Basta così: rimane un interrogativo, lo stesso che gli addetti ai lavori si posero assistendo ai Festival di Sanremo degli anni Settanta, in piena decadenza: ha davvero senso una manifestazione così? Se deve continuare, la si riformi seriamente, ripartendo dall'edizione 2013 e accentuando i caratteri di innovazione, altrimenti la si chiuda per sempre e i premi vengano consegnati all'interno degli uffici delle case discografiche...
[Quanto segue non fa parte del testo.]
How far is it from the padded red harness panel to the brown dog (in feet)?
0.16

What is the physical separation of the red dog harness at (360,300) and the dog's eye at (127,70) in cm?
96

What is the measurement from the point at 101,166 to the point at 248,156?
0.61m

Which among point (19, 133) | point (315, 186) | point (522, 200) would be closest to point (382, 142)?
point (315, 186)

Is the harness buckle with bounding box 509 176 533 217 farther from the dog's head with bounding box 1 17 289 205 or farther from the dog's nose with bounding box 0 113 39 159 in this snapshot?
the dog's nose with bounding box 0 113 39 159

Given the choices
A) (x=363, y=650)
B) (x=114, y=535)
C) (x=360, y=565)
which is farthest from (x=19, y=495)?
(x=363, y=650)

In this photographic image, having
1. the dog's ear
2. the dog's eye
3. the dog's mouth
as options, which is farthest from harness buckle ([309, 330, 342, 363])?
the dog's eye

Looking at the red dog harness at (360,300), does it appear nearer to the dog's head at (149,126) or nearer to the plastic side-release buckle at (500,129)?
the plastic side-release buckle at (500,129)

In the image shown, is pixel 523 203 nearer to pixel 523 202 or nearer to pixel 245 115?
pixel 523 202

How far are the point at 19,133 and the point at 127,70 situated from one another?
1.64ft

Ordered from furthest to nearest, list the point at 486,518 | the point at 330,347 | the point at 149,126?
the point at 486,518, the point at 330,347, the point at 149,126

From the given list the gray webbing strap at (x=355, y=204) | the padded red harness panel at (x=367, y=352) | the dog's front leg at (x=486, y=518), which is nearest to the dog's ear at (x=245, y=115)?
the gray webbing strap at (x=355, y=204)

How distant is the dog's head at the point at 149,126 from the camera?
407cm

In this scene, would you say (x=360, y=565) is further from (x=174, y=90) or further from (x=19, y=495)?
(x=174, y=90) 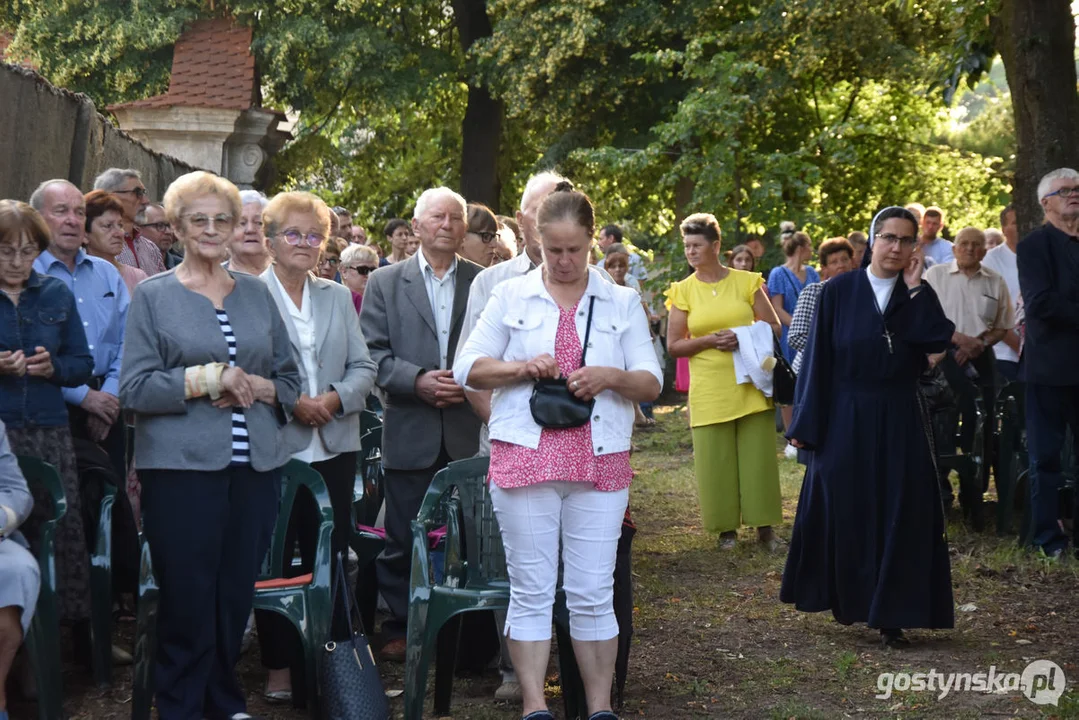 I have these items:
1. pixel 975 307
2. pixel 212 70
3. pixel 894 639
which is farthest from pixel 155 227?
pixel 212 70

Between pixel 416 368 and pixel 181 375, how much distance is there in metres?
1.80

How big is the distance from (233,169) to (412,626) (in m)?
13.0

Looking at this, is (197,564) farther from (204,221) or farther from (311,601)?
(204,221)

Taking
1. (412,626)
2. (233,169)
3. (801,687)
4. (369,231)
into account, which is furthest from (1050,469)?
(369,231)

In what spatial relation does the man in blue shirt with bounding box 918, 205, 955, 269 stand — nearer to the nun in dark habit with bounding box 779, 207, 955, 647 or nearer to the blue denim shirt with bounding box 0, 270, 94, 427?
the nun in dark habit with bounding box 779, 207, 955, 647

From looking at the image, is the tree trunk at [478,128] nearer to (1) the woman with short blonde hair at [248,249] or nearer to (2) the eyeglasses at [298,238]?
(1) the woman with short blonde hair at [248,249]

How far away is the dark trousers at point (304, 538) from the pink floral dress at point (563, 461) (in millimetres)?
943

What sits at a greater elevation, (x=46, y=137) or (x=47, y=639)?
(x=46, y=137)

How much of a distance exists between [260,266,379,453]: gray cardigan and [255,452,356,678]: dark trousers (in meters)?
0.12

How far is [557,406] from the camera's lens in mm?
5250

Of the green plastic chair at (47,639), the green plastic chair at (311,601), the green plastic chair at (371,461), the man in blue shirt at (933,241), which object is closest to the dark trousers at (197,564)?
the green plastic chair at (311,601)

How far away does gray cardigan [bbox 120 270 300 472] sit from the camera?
17.1ft

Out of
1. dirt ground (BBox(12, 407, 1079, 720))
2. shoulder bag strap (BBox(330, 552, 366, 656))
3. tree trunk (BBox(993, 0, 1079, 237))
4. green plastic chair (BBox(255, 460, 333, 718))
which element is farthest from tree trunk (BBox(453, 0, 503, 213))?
shoulder bag strap (BBox(330, 552, 366, 656))

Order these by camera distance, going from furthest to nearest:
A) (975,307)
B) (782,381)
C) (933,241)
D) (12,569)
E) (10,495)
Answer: (933,241) < (975,307) < (782,381) < (10,495) < (12,569) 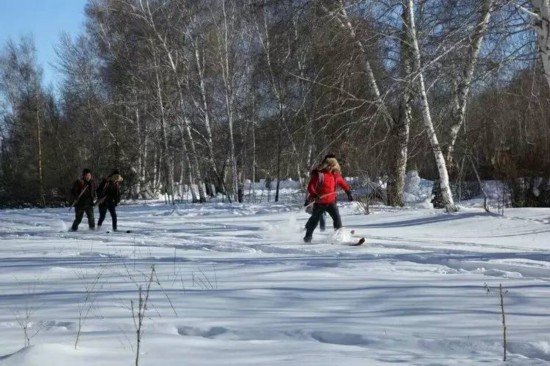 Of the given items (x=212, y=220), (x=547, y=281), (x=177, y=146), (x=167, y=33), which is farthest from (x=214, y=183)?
(x=547, y=281)

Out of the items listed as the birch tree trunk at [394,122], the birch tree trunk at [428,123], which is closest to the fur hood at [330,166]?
the birch tree trunk at [394,122]

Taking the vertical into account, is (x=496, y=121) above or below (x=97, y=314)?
above

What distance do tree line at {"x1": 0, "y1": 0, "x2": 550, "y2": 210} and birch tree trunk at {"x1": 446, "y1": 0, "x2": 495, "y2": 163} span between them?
0.05 meters

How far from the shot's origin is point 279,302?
18.2ft

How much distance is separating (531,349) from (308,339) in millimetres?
1469

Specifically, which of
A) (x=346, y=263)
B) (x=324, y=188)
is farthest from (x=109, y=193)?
(x=346, y=263)

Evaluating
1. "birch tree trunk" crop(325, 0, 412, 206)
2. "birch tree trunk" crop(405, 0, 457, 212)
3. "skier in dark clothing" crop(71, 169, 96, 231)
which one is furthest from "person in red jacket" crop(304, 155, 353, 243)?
"skier in dark clothing" crop(71, 169, 96, 231)

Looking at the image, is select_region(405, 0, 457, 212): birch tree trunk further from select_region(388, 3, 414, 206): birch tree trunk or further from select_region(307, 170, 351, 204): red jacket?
select_region(307, 170, 351, 204): red jacket

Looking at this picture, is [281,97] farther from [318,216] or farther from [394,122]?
[318,216]

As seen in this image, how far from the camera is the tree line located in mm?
11734

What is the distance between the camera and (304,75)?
16.8m

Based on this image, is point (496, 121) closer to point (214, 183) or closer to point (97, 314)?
point (97, 314)

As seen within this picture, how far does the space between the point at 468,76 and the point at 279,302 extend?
9266 mm

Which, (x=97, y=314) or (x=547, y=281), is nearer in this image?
(x=97, y=314) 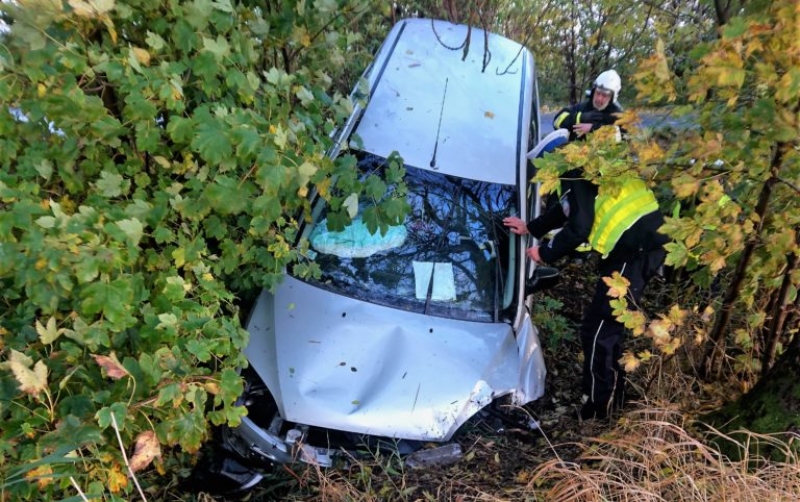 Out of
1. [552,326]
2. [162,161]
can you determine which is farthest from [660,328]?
[162,161]

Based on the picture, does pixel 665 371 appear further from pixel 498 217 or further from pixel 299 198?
pixel 299 198

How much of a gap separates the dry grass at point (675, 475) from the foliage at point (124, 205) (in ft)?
4.50

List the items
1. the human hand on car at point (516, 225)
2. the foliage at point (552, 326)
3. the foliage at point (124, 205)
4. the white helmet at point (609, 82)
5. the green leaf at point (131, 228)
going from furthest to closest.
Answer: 1. the white helmet at point (609, 82)
2. the foliage at point (552, 326)
3. the human hand on car at point (516, 225)
4. the green leaf at point (131, 228)
5. the foliage at point (124, 205)

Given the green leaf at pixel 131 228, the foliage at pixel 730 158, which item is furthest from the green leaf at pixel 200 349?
the foliage at pixel 730 158

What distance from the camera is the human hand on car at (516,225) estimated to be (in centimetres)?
304

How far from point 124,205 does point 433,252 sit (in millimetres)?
1594

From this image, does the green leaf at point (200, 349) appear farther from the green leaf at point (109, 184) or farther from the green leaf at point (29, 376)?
the green leaf at point (109, 184)

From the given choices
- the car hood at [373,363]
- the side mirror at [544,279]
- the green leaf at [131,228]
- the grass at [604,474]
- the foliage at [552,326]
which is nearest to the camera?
the green leaf at [131,228]

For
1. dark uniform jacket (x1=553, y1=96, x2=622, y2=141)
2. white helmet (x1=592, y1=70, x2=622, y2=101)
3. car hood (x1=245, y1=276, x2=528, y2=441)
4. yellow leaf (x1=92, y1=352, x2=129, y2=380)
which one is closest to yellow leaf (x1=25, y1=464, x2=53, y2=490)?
yellow leaf (x1=92, y1=352, x2=129, y2=380)

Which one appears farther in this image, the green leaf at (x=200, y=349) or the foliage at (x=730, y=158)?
the green leaf at (x=200, y=349)

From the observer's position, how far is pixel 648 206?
9.20ft

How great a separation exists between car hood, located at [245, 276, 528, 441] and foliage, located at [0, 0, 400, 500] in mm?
389

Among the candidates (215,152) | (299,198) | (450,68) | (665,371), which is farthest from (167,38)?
(665,371)

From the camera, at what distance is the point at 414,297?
113 inches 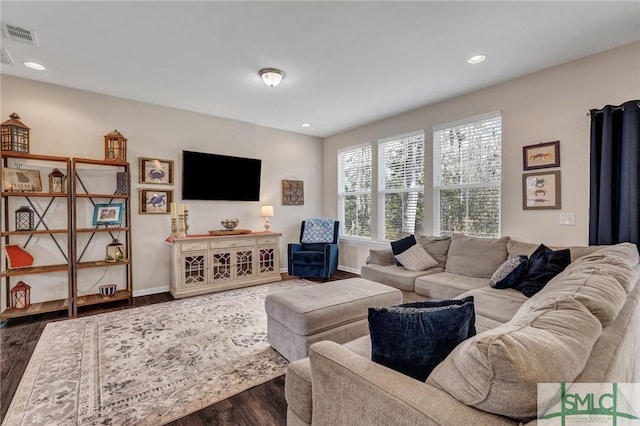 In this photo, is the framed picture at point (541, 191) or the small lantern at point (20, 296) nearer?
the framed picture at point (541, 191)

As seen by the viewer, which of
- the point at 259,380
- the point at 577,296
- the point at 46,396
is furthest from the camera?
the point at 259,380

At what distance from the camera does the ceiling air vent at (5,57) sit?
2785mm

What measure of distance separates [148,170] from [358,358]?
4.22 metres

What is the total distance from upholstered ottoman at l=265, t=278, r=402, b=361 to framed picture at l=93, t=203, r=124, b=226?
2.63 metres

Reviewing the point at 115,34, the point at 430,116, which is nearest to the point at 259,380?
the point at 115,34

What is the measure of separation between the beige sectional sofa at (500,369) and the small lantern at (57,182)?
3805 mm

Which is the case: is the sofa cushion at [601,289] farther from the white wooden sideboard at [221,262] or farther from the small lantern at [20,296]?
the small lantern at [20,296]

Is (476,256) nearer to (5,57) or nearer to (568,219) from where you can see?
(568,219)

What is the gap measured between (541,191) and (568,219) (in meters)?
0.38

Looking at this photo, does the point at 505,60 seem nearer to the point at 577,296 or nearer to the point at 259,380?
the point at 577,296

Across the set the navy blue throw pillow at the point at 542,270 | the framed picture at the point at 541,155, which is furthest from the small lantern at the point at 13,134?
the framed picture at the point at 541,155

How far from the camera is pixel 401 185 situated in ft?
15.6

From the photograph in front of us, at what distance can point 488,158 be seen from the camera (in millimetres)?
3697

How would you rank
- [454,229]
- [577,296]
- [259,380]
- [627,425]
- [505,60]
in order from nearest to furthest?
[627,425]
[577,296]
[259,380]
[505,60]
[454,229] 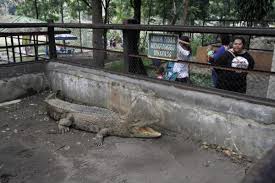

sinceramente non ho assistito al programma, se non con zapping comandato (dall'altra parte della casa, in cucina, qualcuno mi avvisava qualora ci fossero cantanti di mio gusto). A quanto pare ho fatto bene, non mi sono perso niente. Non sono manifestazioni che destano interesse, solo una stanca parata, una autocelebrazione dei presunti big in un mondo, quello discografico, che non ha quasi più ragion d'essere, come hai giustamente sottolineato. Su Moreno poi stendiamo un velo pietoso... Confido comunque in Conti per il Festival, c'è tempo sufficiente per allestire un'ottima kermesse
RispondiEliminaGianni G.
Quando ho ascoltato la canzone di Moreno son rimasto basito, non credevo alle mie orecchie, davvero. Costui è partito per la tangente, deve fare un bel bagno di umiltà e la vasca deve essere proprio piena fino all'orlo... Su tutto il resto poco da aggiungere, kermesse piatta, musica già sentita, autocelebrazione del tutto fuori luogo.